You are viewing a plain text version of this content. The canonical link for it is here.

Posted to users@opennlp.apache.org by Vihari Piratla <vi...@gmail.com> on 2016/01/08 05:10:07 UTC

Information on default sentence model

Hello OpenNLP community,
I am a long time OpenNLP user. I use various NLP tasks provided by OpenNLP
in my application.
I have a few basic queries regarding the SentenceDetector and the default
sentence model.

Since sentence tokenizer is a basic and the first step in many
data-processing pipelines, I am trying to make it more robust.
SentenceDetectorFactory class provides a parameter to feed the
abbreviations, which I think is very useful.
I checked the default models available from
http://opennlp.sourceforge.net/models-1.5/. The available sentence model
does not seem to use any abbreviations because the getAbbreviations on the
loaded model shows null.
If abbreviations dictionary is not used during training, the model will be
agnostic to features such as "sabbrev", "vabbrev", "xabbrev" generated by
DeafaultSDContextGenerator.collectFeatures based on the dictionary.
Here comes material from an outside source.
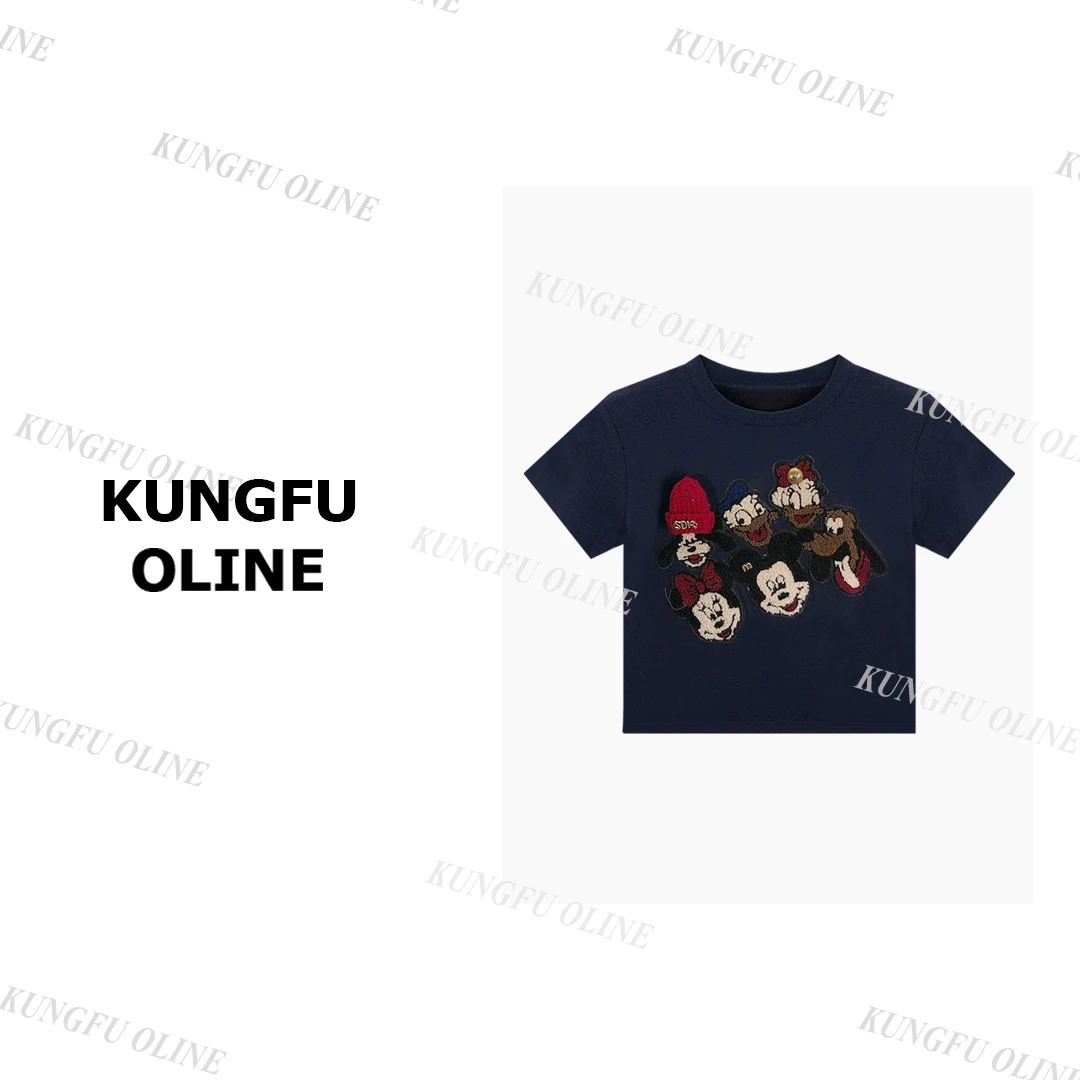 【小妖】T5332流行款卡通印花圆领短袖T恤潮流休闲上衣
In that
case, I am not sure if feeding in a list of abbreviations through
SentenceDetectorFactory during the evaluation will make any difference.
Am I missing something? Sorry, if I am wrong.
If I am right, please give me suggestions on alternatives.

Also, I am not sure about the purpose of useTokenEnd param of
SentenceDetectorFactory, can someone explain or point me to a resource that
explains this?

I am not sure if users-list is the right place for this post, if not please
let me know and I will move it to dev.

Thanks
-- 
Vihari Piratla